The young naturalistic theater was particularly close to his heart. Bauer vehemently for the Théâtre Libre of André Antoine and the Theater de l'Oeuvre of Lugné-Poë one, helped authors like Octave Mirbeau breakthrough, the party seized by Émile Zola in the debate over his literary texts, but also in the Dreyfus Affair and, in his position as a critic, contributed a lot to the introduction of what he called the “hommes du nord” (people of the north) such as Henrik Ibsen , August Strindberg and Lev Tolstoy to France. But he also supported other young artists who cannot be attributed to naturalism. Bauër defended Oscar Wilde and his Salome against violent attacks aimed at the decadence of the work and the poet's homosexuality . In the theatrical scandal surrounding Alfred Jarry's King Ubu , he was the only notable critic to side with Jarry.

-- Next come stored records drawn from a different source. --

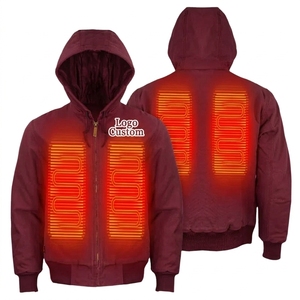Heated Hooded Bomber <b>Jacket</b> Men Winter <b>Fleece</b> <b>Lined</b> Zipper Closure Casual Style Polyester Wadding Thick Warm Coat - Product Image 2
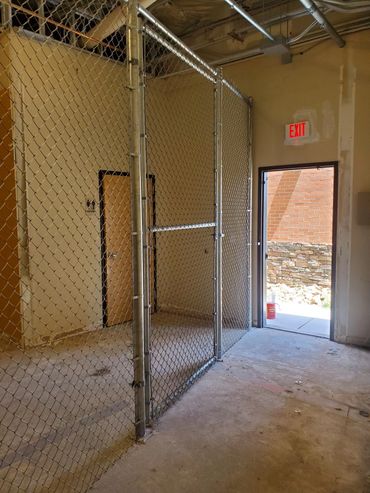 Chain link fence & gate enclosure in a warehouse. Henderson Las Vegas, Boulder City, North Las Vegas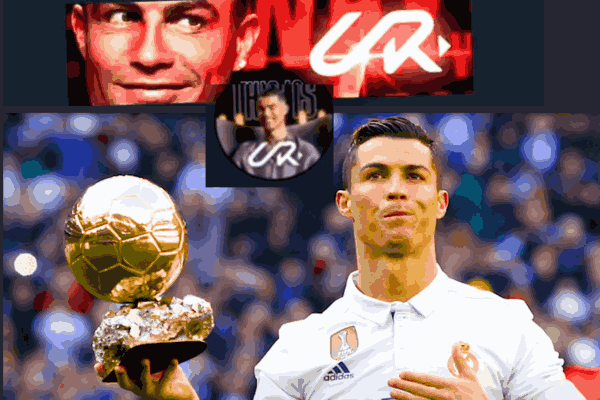 Cristiano Ronaldo holding the YouTube Gold Button, celebrating the success of his "Ronaldo YouTube" channel after breaking subscriber records.
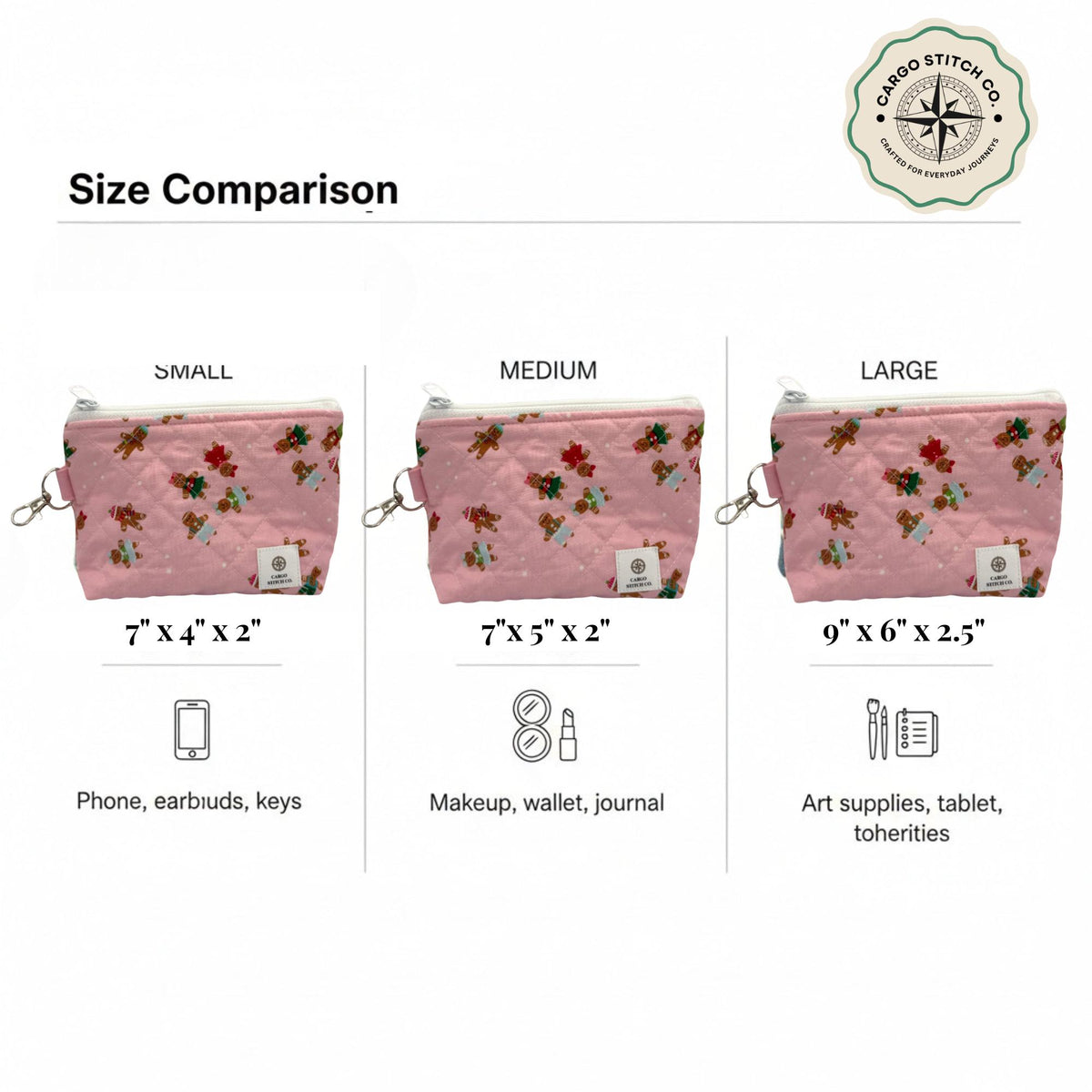 Nutcracker Christmas Quilted Pouch Set | 3 Piece Zipper Pouch Bundle | Holiday Makeup Travel Bags | Peppermint Lane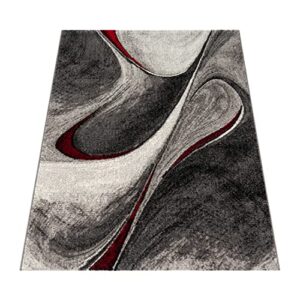 Paco Home Modern Short-Pile Rug Living Room Mottled Abstract Design Grey Red Black, Size: 3'11" x 5'7"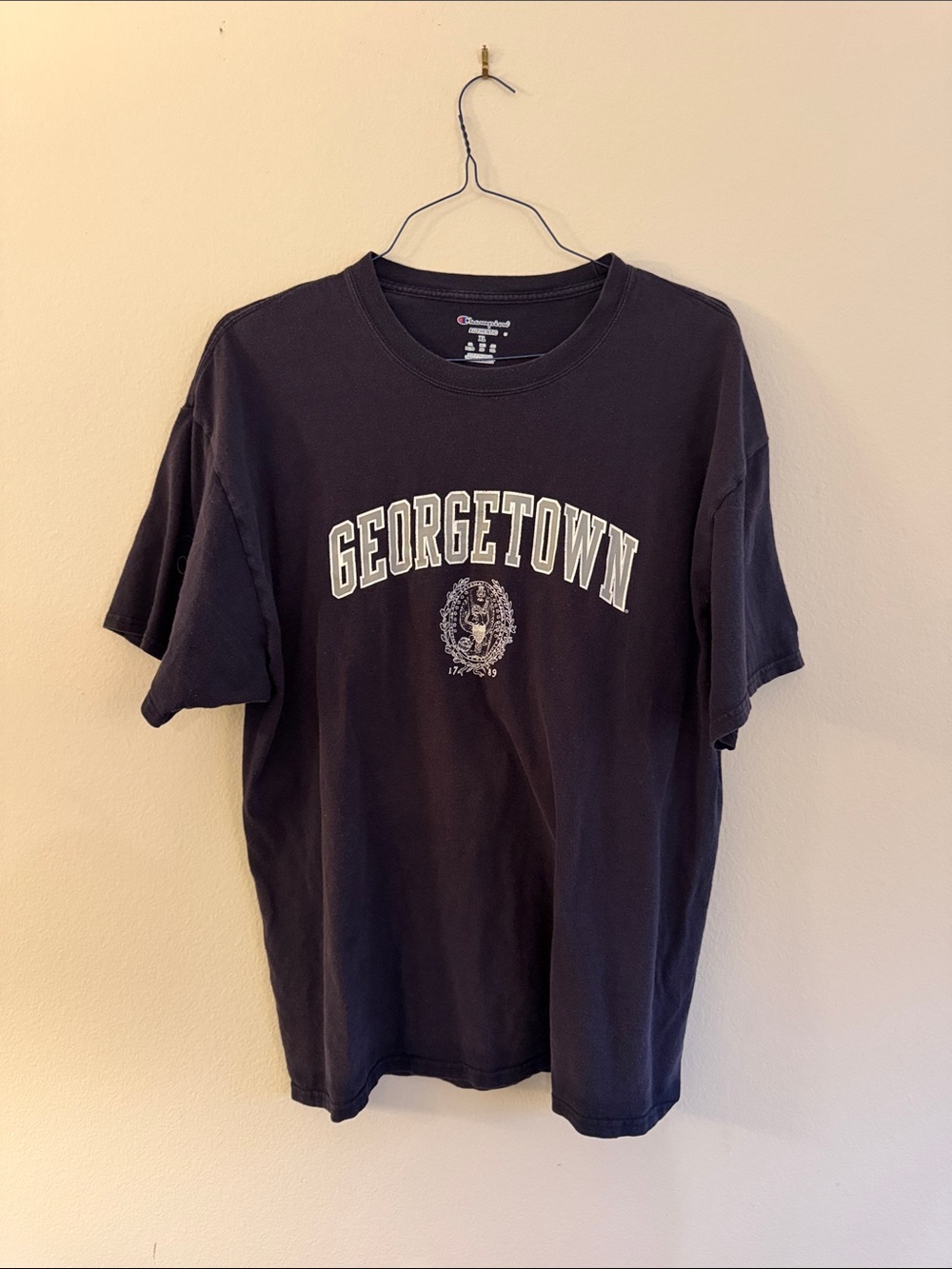 Champion Black Georgetown Crewneck Tee with Crest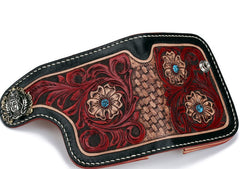 Handmade Leather Small Tooled Floral Mens billfold Wallet Cool Chain Wallet Biker Wallet for Men
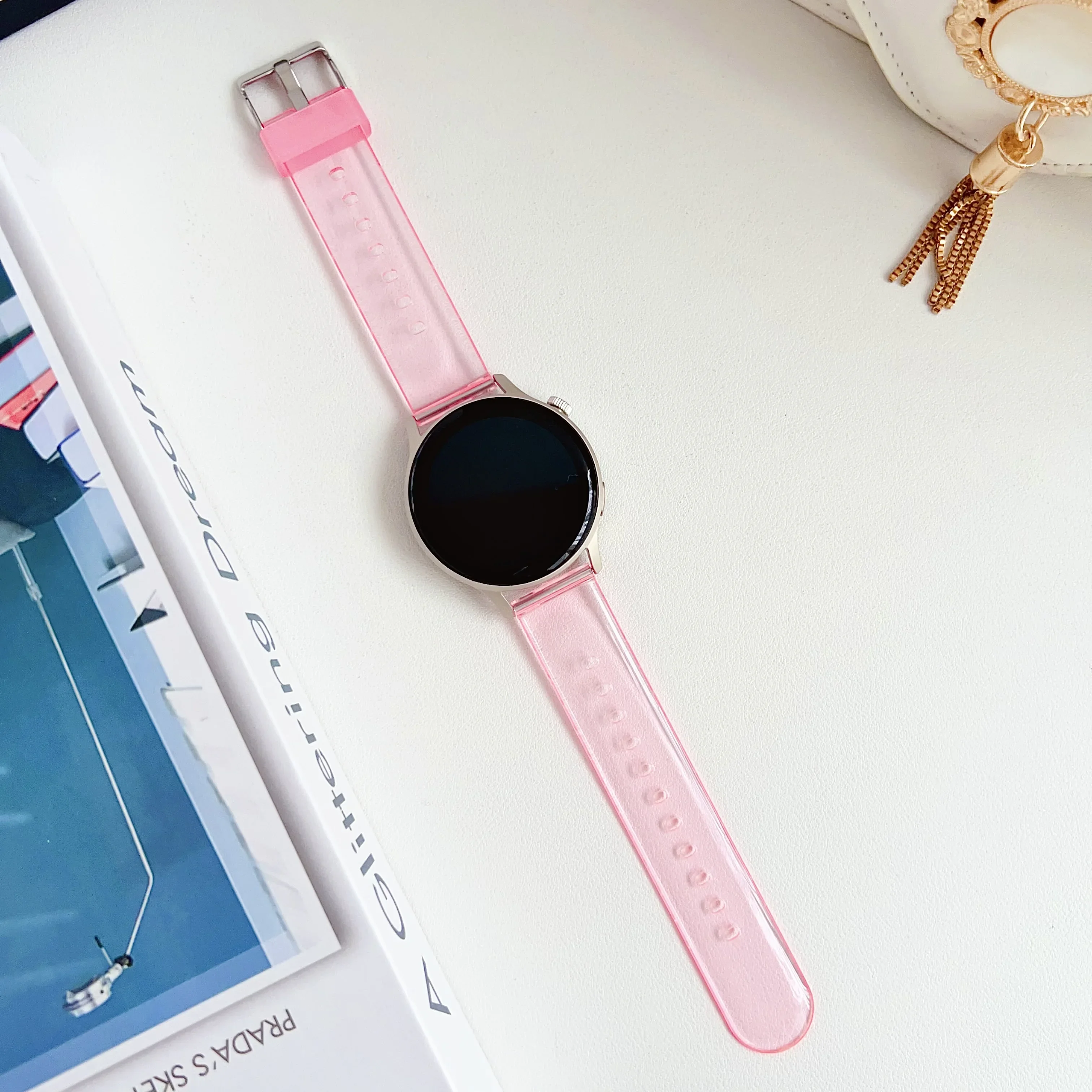 Enhanced Silicone Watch Strap – Premium Transparent Band, 20mm Adjustable Width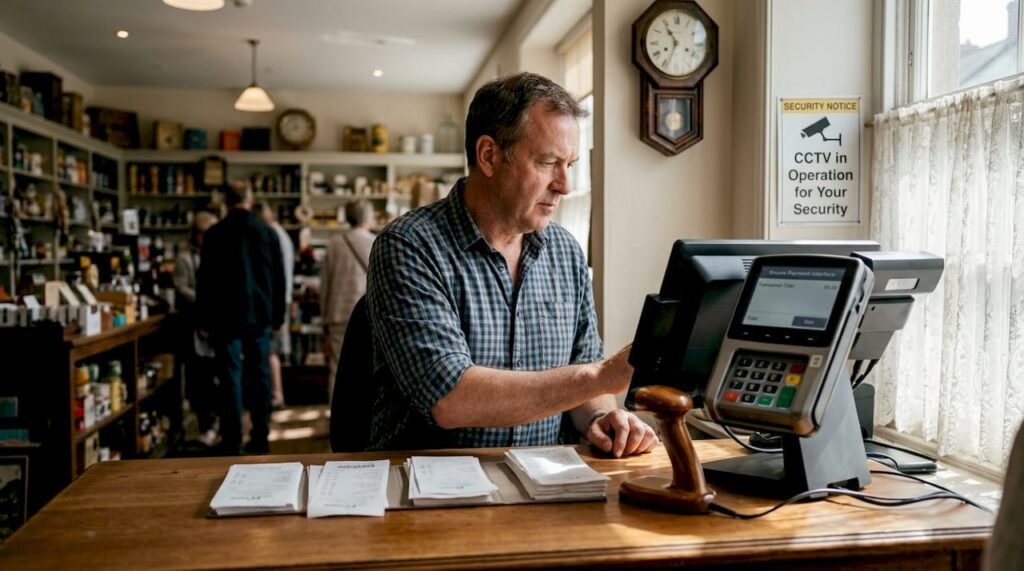 Retail manager inspecting POS terminal security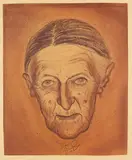 Kurt Günther, Porträt der Mutter des Künstlers, 1921, Gouache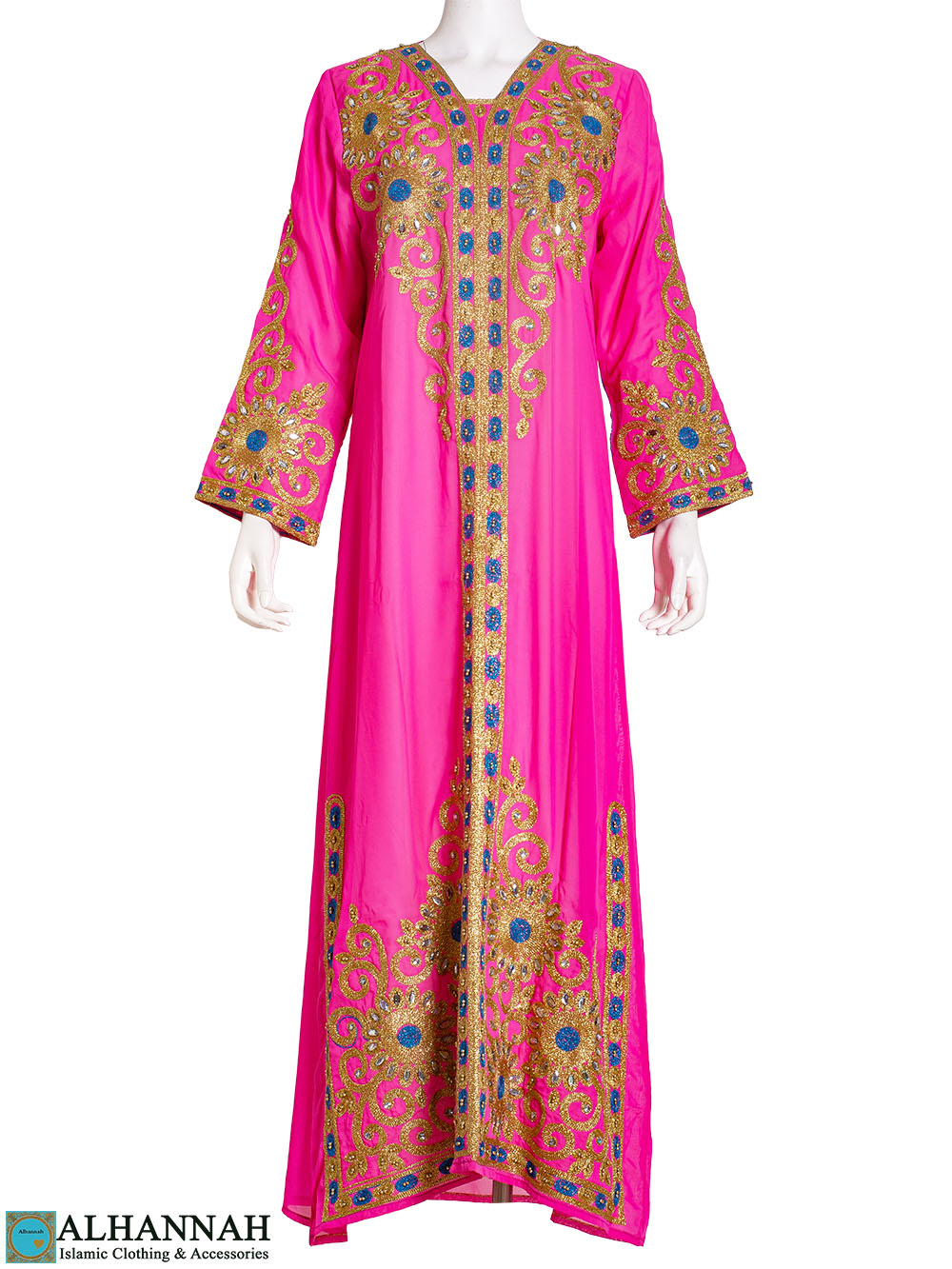 Embroidered Pull Over Abaya - Fuchsia | ab869 » Alhannah Islamic Clothing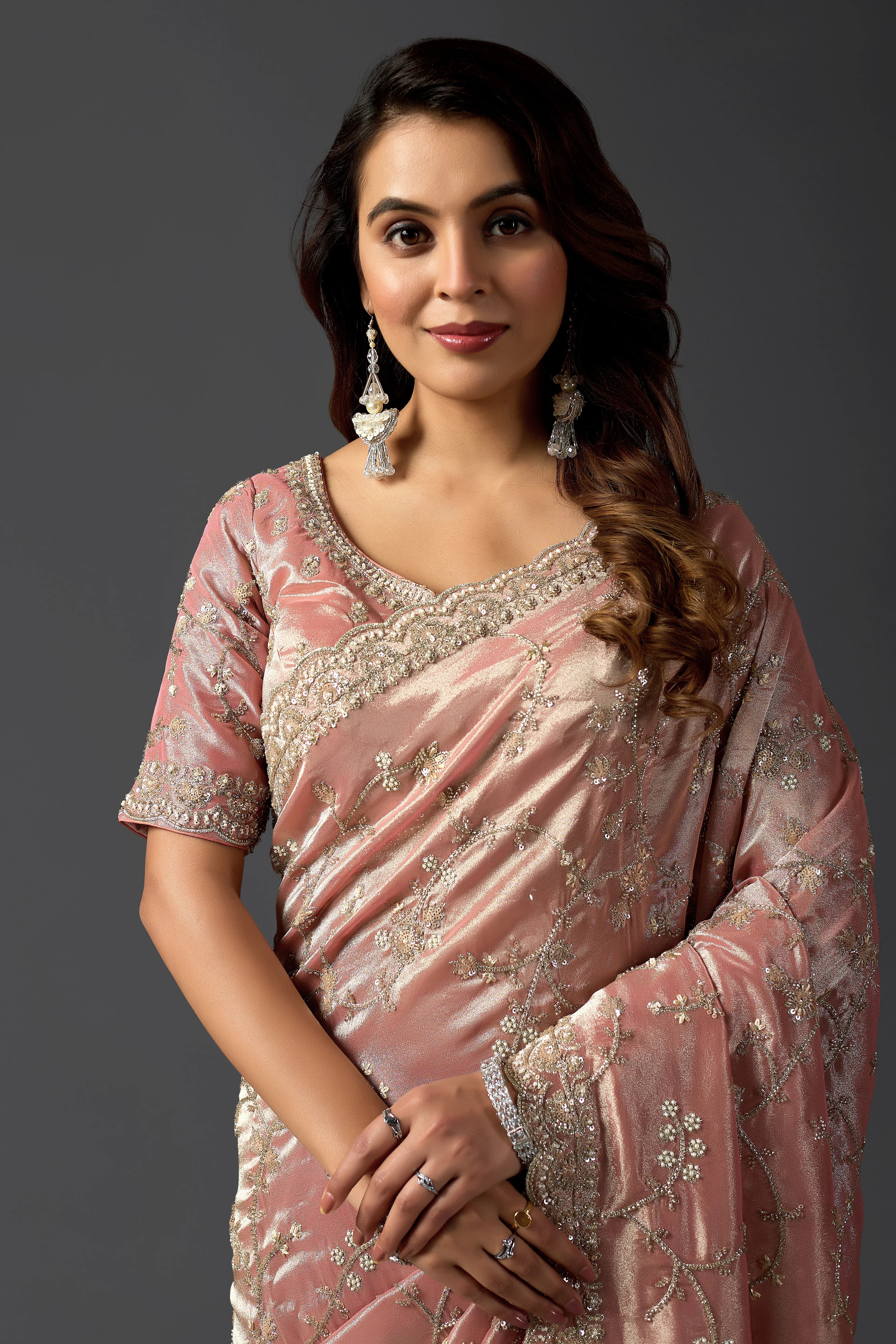 Blush Pink Tissue Saree With Cutdana And Sequin Embroidery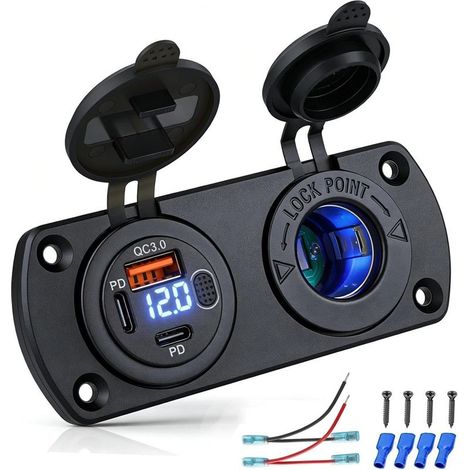 Prise 12V 2-en-1 pour Camping-Car Bateau Voiture, 2X PD 3.0 30W+36W & 1x QC 3.0 18W, avec Voltètre LED Bleu & Interrupteur, IP65 Étanche, Prise Allume-Cigare 150W (1/5)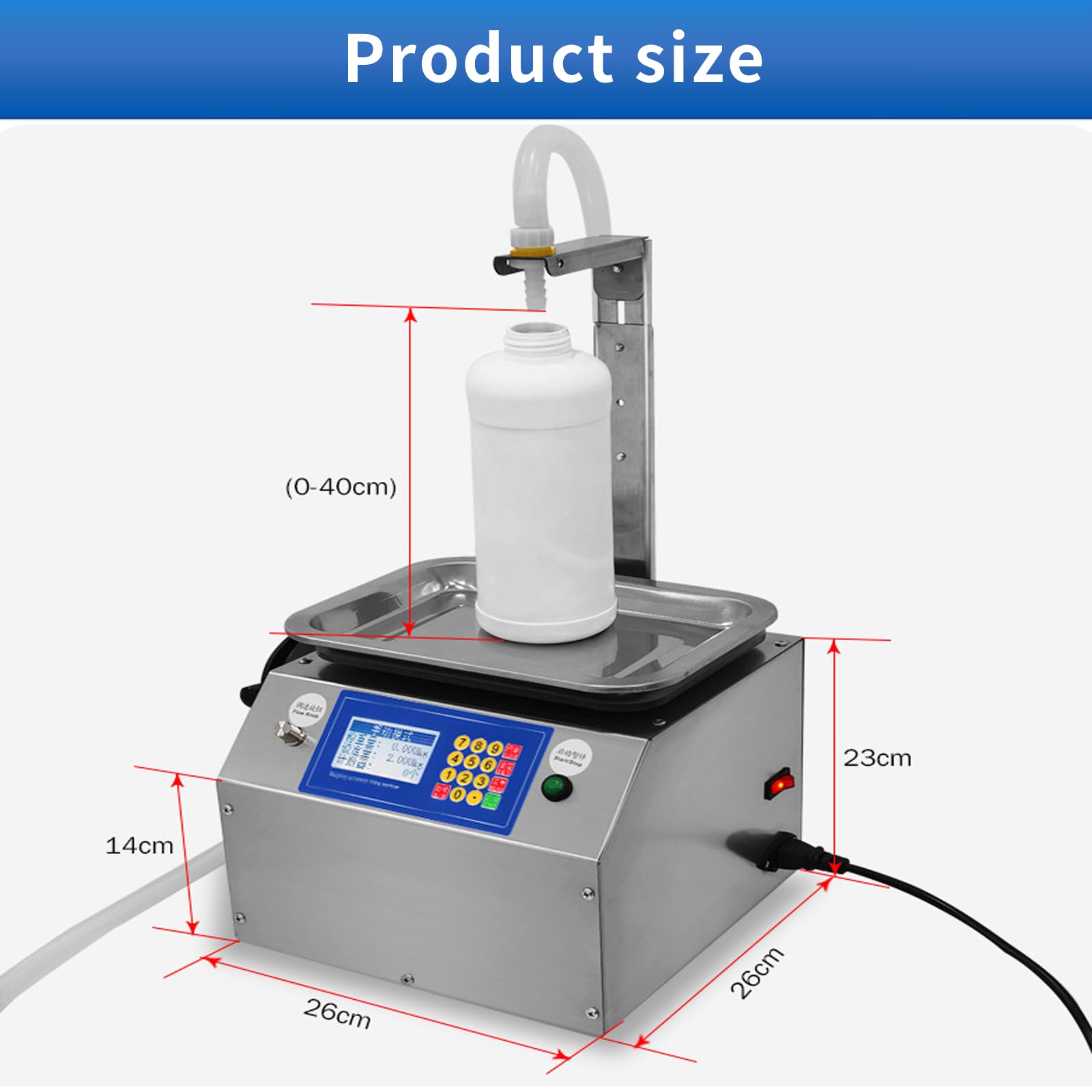 Riempitrice Automatica Di Liquidi Con Bilancia, Potente Pompa Peristaltica + Tubo in Silicone, Portata 13 Litri/Minuto, Quantificazione Precisa, Nessuna Perdita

Bauër had a particular fondness for the actress Sarah Bernhardt , whose achievements he praised in many enthusiastic articles. There was also a passionate affair between the two that is said to have lasted seven years.

During his work at the Écho , Bauër also published a number of books. The novel Une comédienne (1889) and the collection of novels De la vie et du rêve (1896) were not very successful , while the strongly autobiographical novel Mémoires d'un jeune homme also attracted attention abroad (Marcel Cerf even reports a translation into Norwegian).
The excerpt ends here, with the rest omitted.